SEC warns RIAs over cash-sweep disclosures amid lawsuits

The SEC told registered investment advisers to prioritize clients when managing cash-sweep programs, citing disclosure failures and fiduciary duty concerns as lawsuits target dozens of firms.
The SEC’s Division of Examinations issued a risk alert on Tuesday instructing registered investment advisers to put clients first when handling cash-sweep programs, citing failures to disclose conflicts and to meet fiduciary duties as dozens of firms face litigation.

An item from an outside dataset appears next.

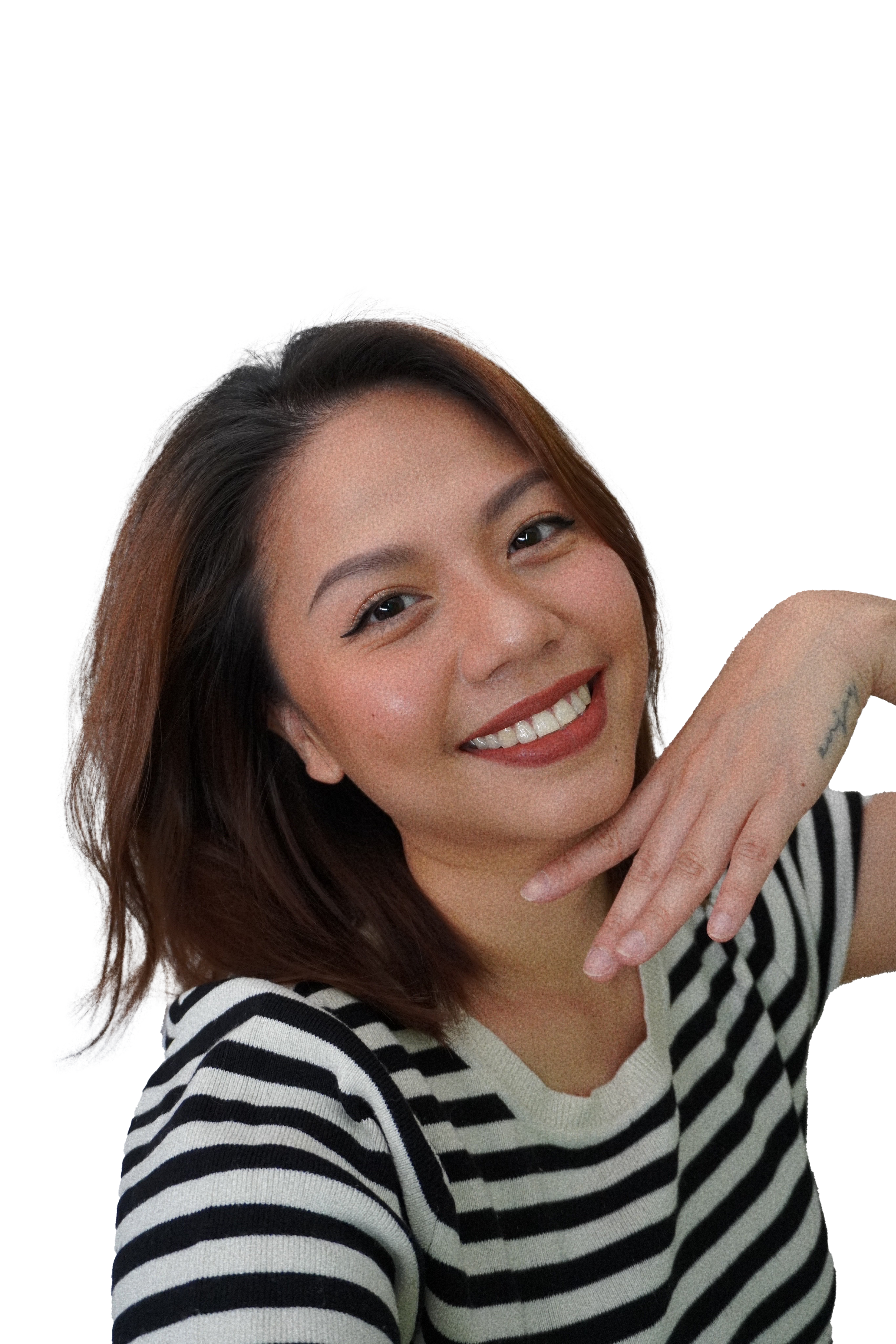 A smiling woman with medium length reddish-brown hair, wearing a black and white striped shirt, resting her chin on her hand with a tattoo visible on her wrist.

Examination staff reported advisers frequently did not fully and fairly disclose fees, expenses and conflicts tied to recommendations of cash management vehicles. The alert highlighted practices that reduce client returns, including routing uninvested cash to partner banks or outside custodians without clearly explaining the revenue the adviser received, and applying asset-management fees that lowered expected interest for clients.
The SEC said at least 35 brokerages have been named in private lawsuits over sweep arrangements. A complaint filed this week against Janney Montgomery Scott alleges the firm kept customer crediting rates low while increasing the share of interest it retained as market rates rose. Janney responded that it believes its program was appropriately designed and disclosed and plans to defend the claims.
Regulatory and private settlements have produced multi-million-dollar payments. Oppenheimer agreed to pay $70 million to resolve investor claims. Wells Fargo and Merrill paid a combined $60 million to the SEC in January to settle sweep-related allegations. Independent broker-dealer Osaic agreed to a $5.1 million settlement with FINRA.
The alert also cited failures to disclose revenue received for steering clients into specific mutual fund share classes and other products that generate payments to the firm. Examiners found instances where lower-cost share classes were available but not used because they would have reduced adviser revenue. The notice identified shortcomings in Form ADV annual disclosures and cases where firms charged fees inconsistent with their stated practices, including fees on inactive accounts that received no supervisory or management services.
A footnote in the alert states that disclosure and client consent do not automatically satisfy an adviser’s duty to act in the client’s best interest. Valerie Mirko, head of securities regulation and litigation at Armstrong Teasdale, noted the footnote invokes the duty of care, which requires advisers to make recommendations appropriate for individual clients.
Alan Rosca, a lawyer pursuing sweep claims, argued that advisers cannot meet best-interest duties by burying important information in lengthy disclosures and urged that swept cash be placed in products that benefit clients. Lori Weston, head of compliance at STP Investment Services, described the alert as a prompt for advisers to review cash sweep practices and select cash management vehicles without regard to revenue-sharing arrangements.
The SEC uses risk alerts to flag recurring compliance issues found during exams and to guide firms away from potential enforcement actions. The latest notice outlines areas where regulators will continue to scrutinize how advisers handle client cash and disclose related revenue.